Mais le rire ne signifie ni l'insouciance ni l'aveuglement ; il demande parfois un surplus de courage, une force vitale qui n'a rien de puéril. Celui qui organisait, au fin fond des camps de travail nazis, des courses de poux, nous a montré combien l'humour pouvait prétendre à la grandeur de la tragédie. « L'humour, c'est une surabondance de gravité », disait Obaldia. Le jeune homme qui, à sa libération, découvrit avec horreur l'existence de camps d'extermination, resta toute sa vie hanté par le mystère du mal, atterré par la violence qu'il disait voir s'installer dans nos sociétés. Son rire savait être lucide sans jamais être amer. Il était une décision, un acte de foi, et sans doute la recette de sa sagesse.

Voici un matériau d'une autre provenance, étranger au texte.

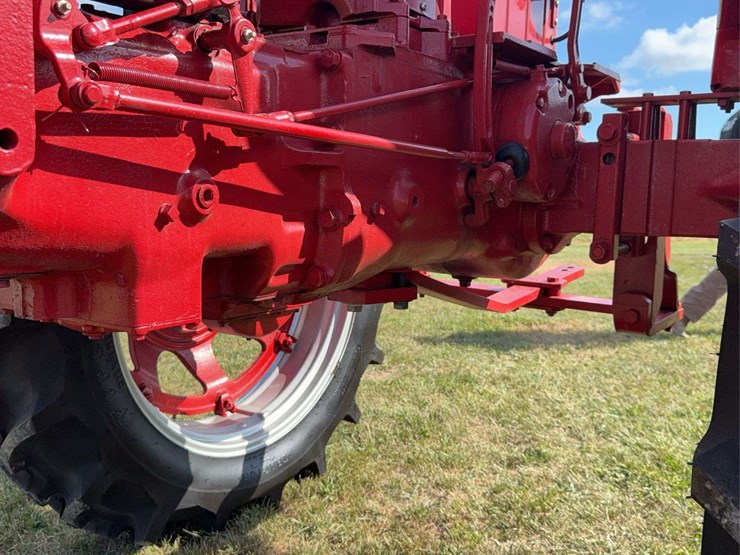 farmall-350-diesel-high-crop-image-75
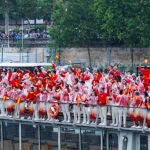 Los deportistas españoles, en el barco por el Sena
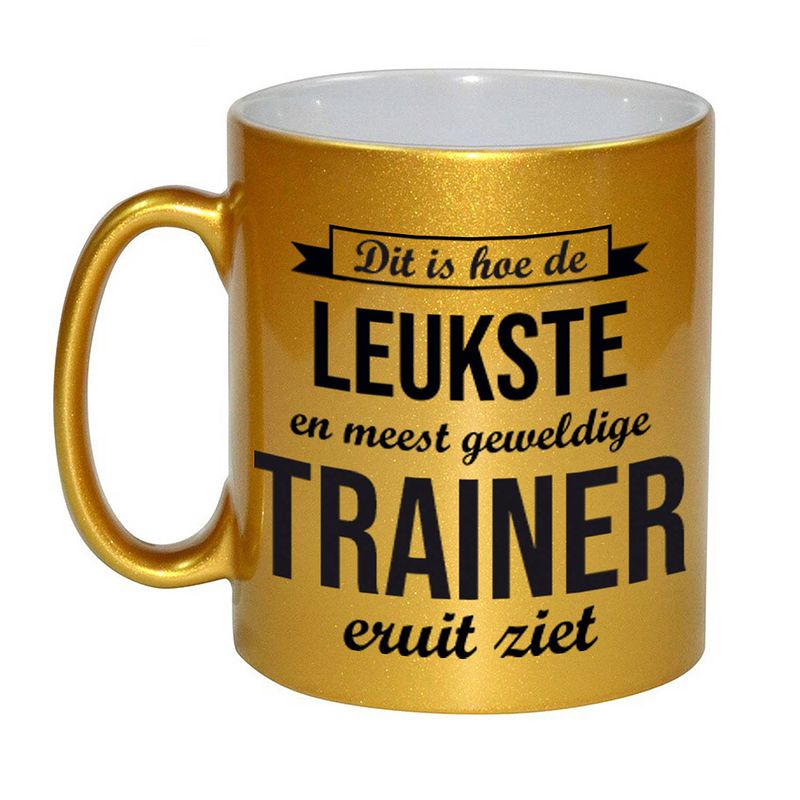 Foto van Gouden leukste en meest geweldige trainer cadeau koffiemok / theebeker 330 ml - feest mokken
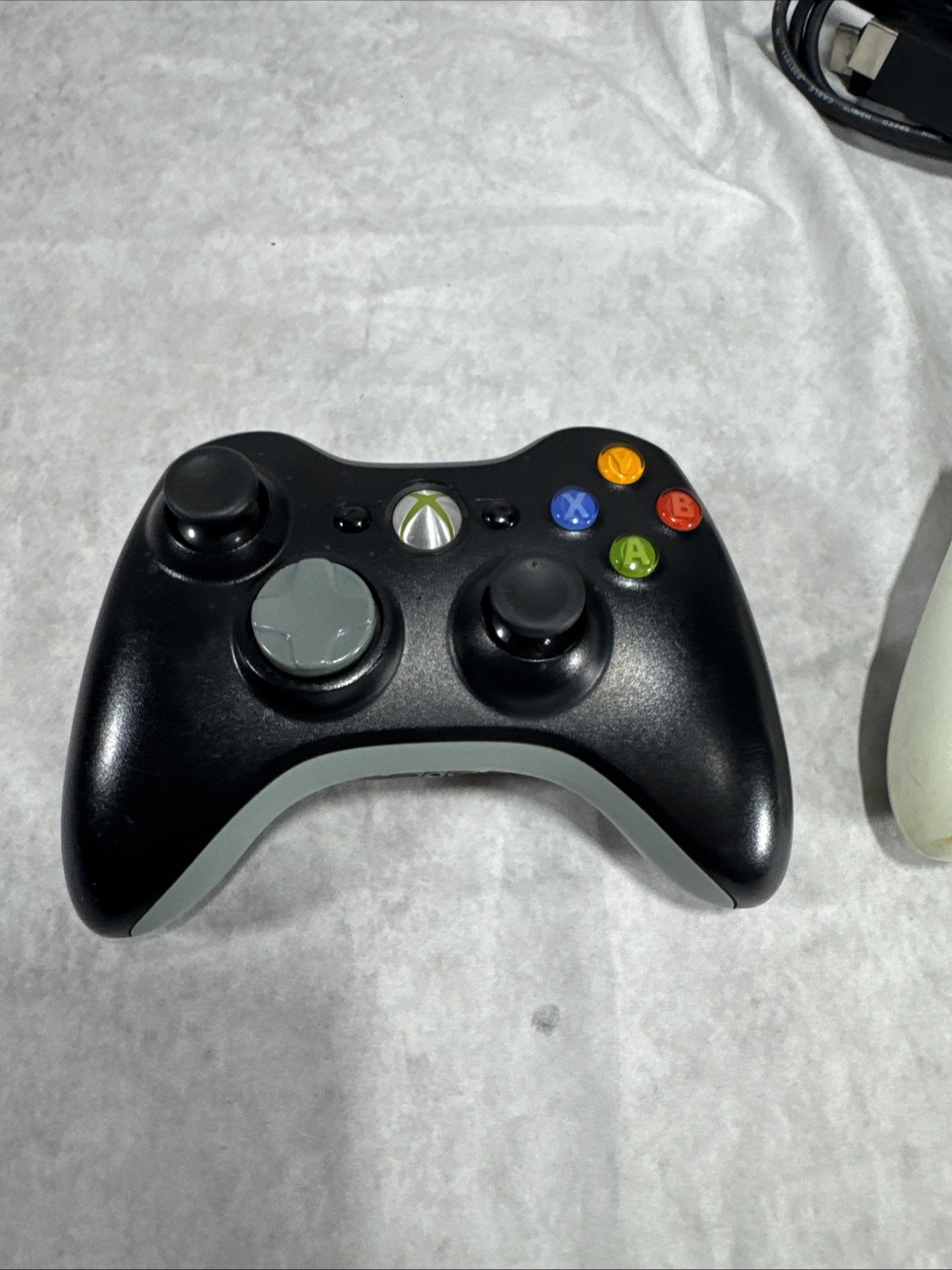 Microsoft Xbox 360 S Console 250GB HDD Bundle 10 Good Games, 2 Controllers Works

Traduit en trente langues, l’œuvre d’Obaldia avait trouvé public à son envergure. La vieillesse ne lui faisait pas peur, pas plus que la mort. « Je vais bientôt me quitter », annonçait-il en guise d'adieu à la fin de son ultime ouvrage. Il s’est quitté aujourd’hui, en effet, mais il nous a tant laissé, de bons mots en pensées profondes, que, nous, il ne nous quittera plus.
Le Président de la République et son épouse saluent le départ de ce génie des mots. Ils adressent à ses proches, ainsi qu'à tous ses lecteurs, qu'il appelait ses « chers obaldiens », leurs condoléances attristées.